General information
- Architectural style: Adobe
- Location: Cañada del Corral, Santa Barbara County, California
- Coordinates: 34°27′56″N 120°02′42″W﻿ / ﻿34.46556°N 120.04500°W
- Completed: c. 1798-1841

= Orella Adobes =

18th-19th century adobe residences in California

The Orella Adobes at Cañada del Corral on the Gaviota Coast about 20 miles west of Santa Barbara are Santa Barbara County landmarks. The adobes may trace back to the late 18th century, as a tile was found during a remodel in the 1930s imprinted with the year "1798".

==Background==
The property was originally part of Rancho Cañada del Corral. While owned by Ortega descendants, it was a frequent center of social events and played host to numerous travelers, including John C. Frémont in 1847. Ownership passed to Bruno Orella and his wife Mercedes Gonzalez y Guevara in 1866.

Bruno Orella, was born in the Basque country in Spain in 1830, and came to California at the time of the Gold Rush. He married Mercedes Gonzalez y Ladron de Guevara. The couple established a prosperous farming/mercantile family with extensive holdings throughout the Santa Barbara/Ventura region. The site of Orella's town-home (known as the "Janssens-Orella-Birk Building") on the State street, main street of Santa Barbara, is on the National Register of Historic Places. The Orellas were patrons of the local Catholic churches and religious orders. All sons of the family attended Santa Clara College and to this day there is an Orella Prize given at that university to the student with highest grades in the sciences.

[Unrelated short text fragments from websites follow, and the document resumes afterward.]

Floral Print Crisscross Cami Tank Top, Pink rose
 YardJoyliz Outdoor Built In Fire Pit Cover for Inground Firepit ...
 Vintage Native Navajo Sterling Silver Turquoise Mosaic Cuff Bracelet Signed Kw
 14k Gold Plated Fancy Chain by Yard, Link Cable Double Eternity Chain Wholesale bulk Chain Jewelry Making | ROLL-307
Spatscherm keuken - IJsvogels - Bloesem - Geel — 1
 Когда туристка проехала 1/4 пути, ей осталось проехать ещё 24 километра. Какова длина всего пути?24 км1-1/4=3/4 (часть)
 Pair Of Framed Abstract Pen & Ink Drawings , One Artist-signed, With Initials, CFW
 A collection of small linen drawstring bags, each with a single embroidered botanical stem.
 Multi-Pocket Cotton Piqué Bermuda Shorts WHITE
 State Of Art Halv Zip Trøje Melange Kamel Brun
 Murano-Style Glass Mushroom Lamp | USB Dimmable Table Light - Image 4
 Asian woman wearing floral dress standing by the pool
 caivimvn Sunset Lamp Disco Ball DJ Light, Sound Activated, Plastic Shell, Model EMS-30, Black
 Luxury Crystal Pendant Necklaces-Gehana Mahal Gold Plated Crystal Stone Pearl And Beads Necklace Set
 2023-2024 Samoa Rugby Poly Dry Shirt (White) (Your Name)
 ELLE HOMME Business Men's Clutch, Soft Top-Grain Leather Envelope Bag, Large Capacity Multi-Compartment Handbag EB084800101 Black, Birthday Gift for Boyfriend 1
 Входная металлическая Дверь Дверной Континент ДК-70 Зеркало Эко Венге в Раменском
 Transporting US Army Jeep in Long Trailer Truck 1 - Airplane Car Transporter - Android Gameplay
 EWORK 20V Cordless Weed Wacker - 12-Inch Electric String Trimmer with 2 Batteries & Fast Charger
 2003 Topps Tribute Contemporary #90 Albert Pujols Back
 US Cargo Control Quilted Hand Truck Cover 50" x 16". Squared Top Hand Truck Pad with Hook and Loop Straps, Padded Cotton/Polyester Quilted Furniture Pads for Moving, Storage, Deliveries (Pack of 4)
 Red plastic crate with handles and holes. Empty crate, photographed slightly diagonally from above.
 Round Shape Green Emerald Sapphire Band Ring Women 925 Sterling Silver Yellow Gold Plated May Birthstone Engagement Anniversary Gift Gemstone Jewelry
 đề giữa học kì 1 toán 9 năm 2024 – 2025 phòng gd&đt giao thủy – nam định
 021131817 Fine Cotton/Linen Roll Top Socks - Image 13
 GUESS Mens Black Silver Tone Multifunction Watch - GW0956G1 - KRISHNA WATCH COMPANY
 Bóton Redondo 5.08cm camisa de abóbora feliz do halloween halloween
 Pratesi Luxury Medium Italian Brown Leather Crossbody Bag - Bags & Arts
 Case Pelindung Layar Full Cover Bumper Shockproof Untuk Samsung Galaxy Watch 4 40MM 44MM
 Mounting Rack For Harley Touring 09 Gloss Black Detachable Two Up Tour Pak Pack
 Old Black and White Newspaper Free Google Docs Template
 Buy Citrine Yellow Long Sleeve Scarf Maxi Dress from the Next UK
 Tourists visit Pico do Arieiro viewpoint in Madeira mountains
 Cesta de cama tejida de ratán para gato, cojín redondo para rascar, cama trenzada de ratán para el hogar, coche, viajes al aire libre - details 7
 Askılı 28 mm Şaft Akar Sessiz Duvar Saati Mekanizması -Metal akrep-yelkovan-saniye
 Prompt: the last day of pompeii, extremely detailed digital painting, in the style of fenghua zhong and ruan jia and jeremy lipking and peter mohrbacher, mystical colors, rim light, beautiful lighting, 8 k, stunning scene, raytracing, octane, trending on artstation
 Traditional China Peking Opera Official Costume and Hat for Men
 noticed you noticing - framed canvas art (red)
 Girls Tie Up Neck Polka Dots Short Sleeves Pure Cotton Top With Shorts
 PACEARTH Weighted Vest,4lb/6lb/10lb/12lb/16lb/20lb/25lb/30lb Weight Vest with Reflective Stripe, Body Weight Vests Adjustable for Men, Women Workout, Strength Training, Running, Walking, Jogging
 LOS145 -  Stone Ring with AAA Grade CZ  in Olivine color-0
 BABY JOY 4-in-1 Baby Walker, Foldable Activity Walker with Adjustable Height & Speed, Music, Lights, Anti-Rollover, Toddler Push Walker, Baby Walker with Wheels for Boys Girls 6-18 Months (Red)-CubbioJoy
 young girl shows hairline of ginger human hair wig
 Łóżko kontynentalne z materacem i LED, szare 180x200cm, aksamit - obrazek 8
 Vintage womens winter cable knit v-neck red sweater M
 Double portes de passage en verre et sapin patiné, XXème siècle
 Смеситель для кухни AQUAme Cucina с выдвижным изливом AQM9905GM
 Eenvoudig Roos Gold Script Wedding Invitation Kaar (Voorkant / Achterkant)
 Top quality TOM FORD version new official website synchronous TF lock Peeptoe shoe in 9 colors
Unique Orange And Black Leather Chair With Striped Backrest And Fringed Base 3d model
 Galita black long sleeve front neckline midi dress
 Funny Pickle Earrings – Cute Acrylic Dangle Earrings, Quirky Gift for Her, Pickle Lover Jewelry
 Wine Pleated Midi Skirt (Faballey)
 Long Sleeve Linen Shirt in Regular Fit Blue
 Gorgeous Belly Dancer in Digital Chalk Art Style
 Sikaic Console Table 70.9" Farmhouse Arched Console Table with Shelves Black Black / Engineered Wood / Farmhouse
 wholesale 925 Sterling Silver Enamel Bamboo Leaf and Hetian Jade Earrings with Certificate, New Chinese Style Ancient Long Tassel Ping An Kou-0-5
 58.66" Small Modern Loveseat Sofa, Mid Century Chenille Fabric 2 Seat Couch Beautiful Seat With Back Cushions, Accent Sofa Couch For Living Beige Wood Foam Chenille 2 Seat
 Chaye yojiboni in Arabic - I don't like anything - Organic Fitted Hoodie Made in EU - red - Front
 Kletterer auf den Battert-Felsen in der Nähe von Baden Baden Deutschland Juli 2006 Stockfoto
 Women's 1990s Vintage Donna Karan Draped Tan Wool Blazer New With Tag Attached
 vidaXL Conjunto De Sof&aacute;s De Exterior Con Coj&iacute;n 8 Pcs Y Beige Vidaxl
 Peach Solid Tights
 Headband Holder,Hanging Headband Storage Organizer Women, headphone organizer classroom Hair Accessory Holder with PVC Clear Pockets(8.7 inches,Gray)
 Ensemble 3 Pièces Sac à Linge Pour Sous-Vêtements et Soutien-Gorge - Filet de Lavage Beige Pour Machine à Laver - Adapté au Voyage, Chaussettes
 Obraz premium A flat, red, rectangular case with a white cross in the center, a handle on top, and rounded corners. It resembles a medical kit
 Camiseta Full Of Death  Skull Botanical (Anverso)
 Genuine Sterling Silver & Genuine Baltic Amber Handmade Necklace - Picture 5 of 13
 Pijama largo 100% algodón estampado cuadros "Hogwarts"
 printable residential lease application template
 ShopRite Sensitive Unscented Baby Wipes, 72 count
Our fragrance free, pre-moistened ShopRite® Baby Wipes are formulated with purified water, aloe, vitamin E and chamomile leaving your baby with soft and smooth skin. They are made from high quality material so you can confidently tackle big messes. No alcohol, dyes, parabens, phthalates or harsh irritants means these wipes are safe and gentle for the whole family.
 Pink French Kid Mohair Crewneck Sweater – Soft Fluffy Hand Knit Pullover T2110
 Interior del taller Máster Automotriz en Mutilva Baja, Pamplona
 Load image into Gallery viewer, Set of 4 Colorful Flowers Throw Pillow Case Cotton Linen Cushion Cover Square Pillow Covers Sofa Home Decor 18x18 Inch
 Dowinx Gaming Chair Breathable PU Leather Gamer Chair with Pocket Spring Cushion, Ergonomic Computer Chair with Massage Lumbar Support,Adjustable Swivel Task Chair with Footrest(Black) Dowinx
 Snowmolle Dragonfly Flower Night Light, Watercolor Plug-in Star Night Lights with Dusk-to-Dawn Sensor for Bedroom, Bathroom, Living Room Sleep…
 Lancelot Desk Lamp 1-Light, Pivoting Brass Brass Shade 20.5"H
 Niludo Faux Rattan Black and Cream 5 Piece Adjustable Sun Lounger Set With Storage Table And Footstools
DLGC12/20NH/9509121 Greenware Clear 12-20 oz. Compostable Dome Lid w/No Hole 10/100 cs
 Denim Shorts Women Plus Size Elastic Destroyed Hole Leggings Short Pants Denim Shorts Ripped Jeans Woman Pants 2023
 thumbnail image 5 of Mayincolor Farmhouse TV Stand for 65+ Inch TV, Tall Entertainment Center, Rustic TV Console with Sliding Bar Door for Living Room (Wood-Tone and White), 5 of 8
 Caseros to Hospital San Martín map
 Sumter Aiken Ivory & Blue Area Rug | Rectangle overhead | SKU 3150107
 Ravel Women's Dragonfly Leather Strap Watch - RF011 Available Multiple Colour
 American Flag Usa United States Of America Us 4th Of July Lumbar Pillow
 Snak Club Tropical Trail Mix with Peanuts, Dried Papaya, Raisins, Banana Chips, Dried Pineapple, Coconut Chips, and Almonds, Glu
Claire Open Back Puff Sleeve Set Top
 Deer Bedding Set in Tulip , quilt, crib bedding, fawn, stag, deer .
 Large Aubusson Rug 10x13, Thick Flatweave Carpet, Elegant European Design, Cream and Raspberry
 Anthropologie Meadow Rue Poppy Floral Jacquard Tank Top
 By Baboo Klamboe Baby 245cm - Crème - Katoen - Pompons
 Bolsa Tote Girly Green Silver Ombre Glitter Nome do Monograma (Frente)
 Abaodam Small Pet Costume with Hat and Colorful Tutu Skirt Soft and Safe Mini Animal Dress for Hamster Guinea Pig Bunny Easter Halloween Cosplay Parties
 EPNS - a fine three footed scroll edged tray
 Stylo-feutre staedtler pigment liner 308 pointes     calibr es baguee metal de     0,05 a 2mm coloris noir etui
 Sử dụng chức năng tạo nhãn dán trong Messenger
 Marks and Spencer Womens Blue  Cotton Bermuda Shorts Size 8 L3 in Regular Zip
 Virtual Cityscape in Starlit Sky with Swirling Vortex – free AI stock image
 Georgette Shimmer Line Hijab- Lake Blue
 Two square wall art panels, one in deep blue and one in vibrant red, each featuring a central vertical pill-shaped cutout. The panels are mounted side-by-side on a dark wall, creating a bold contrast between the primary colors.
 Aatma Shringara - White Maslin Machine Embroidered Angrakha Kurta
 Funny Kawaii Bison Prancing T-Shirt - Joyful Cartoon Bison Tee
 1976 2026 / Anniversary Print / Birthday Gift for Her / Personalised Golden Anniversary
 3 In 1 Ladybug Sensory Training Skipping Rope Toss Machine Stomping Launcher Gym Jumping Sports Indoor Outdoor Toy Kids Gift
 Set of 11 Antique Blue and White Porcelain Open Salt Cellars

When the Orellas purchased the adobes, they became their country residence. One of the buildings served as schoolhouse to their children, and a tutor was hired to live on the ranch. Bruno's daughter, Elena Orella Covarrubias, inherited the adobes and remodeled them in the 1930s in Spanish Revival style. Oil was found on her land in August 1929, with the drilling of the "Erburu No. 1" well by General Petroleum Corporation, in the Vaqueros Formation at a depth of 1446 feet. The "El Capitan Oil Field" became one of the richest in the state; production at the field peaked in 1946. It was part of Bruno's large landholdings in the region and remained in the hands of his descendants until the property was sold to Exxon Mobil Corporation in 1971.

==Contemporary history==
On August 17, 1993, the Santa Barbara County Board of Supervisors declared County Landmark status for the Orella Adobes.

On January 20, 2017, a flash flood inundated Cañada del Corral and damaged the historic adobes. A local resident reported that one of the adobes appeared to have fallen into the river.

In 2021, the historic Covarrubias Barn located across the creek from the adobes was destroyed during the Alisal Fire.